Created attachment 4939
Patch to add rate limiting for moving/talk subpages

Adds a rate-limit-exceeded notice for each page that couldn't be moved in the list of pages that were supposed to be moved rather than $wgOut->rateLimited() so the user can still see the list of pages that were moved successfully (until they hit the limit) and which failed (due to the limit or other reasons).

Attached:

Created attachment 4942
Alternate patch - move basepage last

Splarka on IRC suggested that if a rate limit is tripped, the base page shouldn't be moved so that remaining sub/talk pages can be moved using the "move subpages" and "move talk page" options on the base page. This patch changes the MovePage form submission to try to move subpages and talk pages first, if applicable, then the base page if no rate limits are tripped. I tested it in various situations:

1. Limit hit before all subpages can be moved:
2. Subpages moved as long as the rate limiter allows
3. Base page not moved

2. Rate limit hit before anything can be moved:
3. Uses standard $wgOut->rateLimited();

3. No rate limits hit:
4. Same action as it currently does

4. Subpages moved, rate limit hit when moving base page:
5. Same as #1, but the base page is the only one not moved

**Note: For some reason, the subpages of user talk pages are moved into project-space. This doesn't happen with user pages, it seems to happen with the current code as well, might be related to bug 14258.

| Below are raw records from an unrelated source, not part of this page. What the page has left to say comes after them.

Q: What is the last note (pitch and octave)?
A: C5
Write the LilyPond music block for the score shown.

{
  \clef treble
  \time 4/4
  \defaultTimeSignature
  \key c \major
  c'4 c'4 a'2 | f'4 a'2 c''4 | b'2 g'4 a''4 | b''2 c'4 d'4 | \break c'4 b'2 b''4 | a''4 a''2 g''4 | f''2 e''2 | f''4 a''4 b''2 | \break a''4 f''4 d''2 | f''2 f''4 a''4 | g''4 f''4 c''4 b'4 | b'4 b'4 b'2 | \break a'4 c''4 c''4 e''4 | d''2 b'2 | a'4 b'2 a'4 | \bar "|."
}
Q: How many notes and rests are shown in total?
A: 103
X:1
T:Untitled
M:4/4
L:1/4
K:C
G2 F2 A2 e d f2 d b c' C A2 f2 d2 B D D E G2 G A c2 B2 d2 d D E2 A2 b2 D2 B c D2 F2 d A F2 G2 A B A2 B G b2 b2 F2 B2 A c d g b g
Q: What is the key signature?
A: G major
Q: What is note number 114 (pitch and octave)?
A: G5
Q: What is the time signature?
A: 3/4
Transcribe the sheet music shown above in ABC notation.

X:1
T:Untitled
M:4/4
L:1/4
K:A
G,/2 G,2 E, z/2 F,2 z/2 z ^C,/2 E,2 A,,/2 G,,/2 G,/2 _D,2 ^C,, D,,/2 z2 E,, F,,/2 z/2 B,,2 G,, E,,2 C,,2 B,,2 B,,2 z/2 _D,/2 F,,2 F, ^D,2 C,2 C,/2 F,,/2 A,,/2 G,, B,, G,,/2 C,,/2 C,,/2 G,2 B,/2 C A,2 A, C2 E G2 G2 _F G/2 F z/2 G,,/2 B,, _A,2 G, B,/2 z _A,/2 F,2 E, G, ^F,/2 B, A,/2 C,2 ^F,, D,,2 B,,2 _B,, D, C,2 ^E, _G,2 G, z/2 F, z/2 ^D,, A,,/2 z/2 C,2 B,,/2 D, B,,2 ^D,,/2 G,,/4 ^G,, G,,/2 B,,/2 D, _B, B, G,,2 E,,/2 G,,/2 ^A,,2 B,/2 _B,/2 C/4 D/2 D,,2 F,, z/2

attachment patch2.patch ignored as obsolete

Created attachment 4943
Fix for previous patch

Fix docs on previous patch - "Alternate patch - move basepage last"

Attached:

This would just mean that there's no practical way to move pages with their subpages.

mike.lifeguard+bugs wrote:

If there is concern this will be abused, we could consider making the subpages-too option a sysop-only right.

Hmm... how about queueing the subpage moves for delayed background execution using something like the job queue (though they should probably have their own separate queue) and (and this is the important bit) having the queue handler re-check that the user who initiated the move is still allowed to make it. That would allow anti-vandal bots to interfere with massive subpage moves before they run to completion. I know, probably not trivial to implement, but one can wish...

ayg wrote:

(In reply to comment #5)

If there is concern this will be abused, we could consider making the
subpages-too option a sysop-only right.

That might be a good idea, if only for the sake of the log spam. Or at least make it autoconfirmed. (It should be available to all users by default, though, since on a typical wiki there won't be enough pages with many subpages to make this harmful.)

(In reply to comment #6)

Hmm... how about queueing the subpage moves for delayed background execution
using something like the job queue (though they should probably have their own
separate queue) and (and this is the important bit) having the queue handler
re-check that the user who initiated the move is still allowed to make it.
That would allow anti-vandal bots to interfere with massive subpage moves
before they run to completion.

Seems ineffective. Besides, in the long run it may be more efficient to move all of the pages in a single query.

charlottethewebb wrote:

If there is concern this will be abused, we could consider making the
subpages-too option a sysop-only right.

That might be a good idea, if only for the sake of the log spam. Or at least
make it autoconfirmed. (It should be available to all users by default,
though, since on a typical wiki there won't be enough pages with many subpages
to make this harmful.)

One must already "autoconfirmed" to move individual pages (at least on enwiki -- default settings are probably more lax) so this would have no effect on vandalism.

Log spam might be better avoided by collapsing a "page and sub-pages" move into a single log action (expandable for those who wish to see the whole list). A quid pro quo "(revert all)" link would ensure that bad multi-page moves are entirely corrected, as would a button to delete all the redirects in one fell swoop, though these ideas should probably go on a separate ticket.........

ayg wrote:

(In reply to comment #8)

Log spam might be better avoided by collapsing a "page and sub-pages" move into
a single log action (expandable for those who wish to see the whole list). A
quid pro quo "(revert all)" link would ensure that bad multi-page moves are
entirely corrected, as would a button to delete all the redirects in one fell
swoop, though these ideas should probably go on a separate ticket.........

The log format is pretty inflexible at present, unfortunately, but what you say is probably the best interface, yes. Another bug would be good.